Stored data: Begin
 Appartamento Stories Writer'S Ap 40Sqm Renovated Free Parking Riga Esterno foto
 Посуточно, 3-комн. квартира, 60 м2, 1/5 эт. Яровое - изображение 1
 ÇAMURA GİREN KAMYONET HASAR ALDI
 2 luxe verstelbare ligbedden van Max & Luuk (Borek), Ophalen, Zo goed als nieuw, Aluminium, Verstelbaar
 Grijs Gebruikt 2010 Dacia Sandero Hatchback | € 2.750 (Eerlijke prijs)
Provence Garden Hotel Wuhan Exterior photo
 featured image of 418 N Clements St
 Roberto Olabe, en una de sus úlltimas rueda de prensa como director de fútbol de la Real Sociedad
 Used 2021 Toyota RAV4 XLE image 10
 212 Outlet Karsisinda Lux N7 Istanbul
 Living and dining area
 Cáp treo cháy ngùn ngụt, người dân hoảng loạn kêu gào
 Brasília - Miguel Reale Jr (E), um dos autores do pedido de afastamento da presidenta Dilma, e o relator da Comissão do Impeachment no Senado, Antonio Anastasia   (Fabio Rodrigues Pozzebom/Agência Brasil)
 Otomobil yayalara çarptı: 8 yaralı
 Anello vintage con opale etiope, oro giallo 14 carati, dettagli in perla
Stored data: End
* _What needs to be done_
Each line of the records should be repeated exactly as it stands.

* _Response to the exercise_
 Appartamento Stories Writer'S Ap 40Sqm Renovated Free Parking Riga Esterno foto
 Посуточно, 3-комн. квартира, 60 м2, 1/5 эт. Яровое - изображение 1
 ÇAMURA GİREN KAMYONET HASAR ALDI
 2 luxe verstelbare ligbedden van Max & Luuk (Borek), Ophalen, Zo goed als nieuw, Aluminium, Verstelbaar
 Grijs Gebruikt 2010 Dacia Sandero Hatchback | € 2.750 (Eerlijke prijs)
Provence Garden Hotel Wuhan Exterior photo
 featured image of 418 N Clements St
 Roberto Olabe, en una de sus úlltimas rueda de prensa como director de fútbol de la Real Sociedad
 Used 2021 Toyota RAV4 XLE image 10
 212 Outlet Karsisinda Lux N7 Istanbul
 Living and dining area
 Cáp treo cháy ngùn ngụt, người dân hoảng loạn kêu gào
 Brasília - Miguel Reale Jr (E), um dos autores do pedido de afastamento da presidenta Dilma, e o relator da Comissão do Impeachment no Senado, Antonio Anastasia   (Fabio Rodrigues Pozzebom/Agência Brasil)
 Otomobil yayalara çarptı: 8 yaralı
 Anello vintage con opale etiope, oro giallo 14 carati, dettagli in perla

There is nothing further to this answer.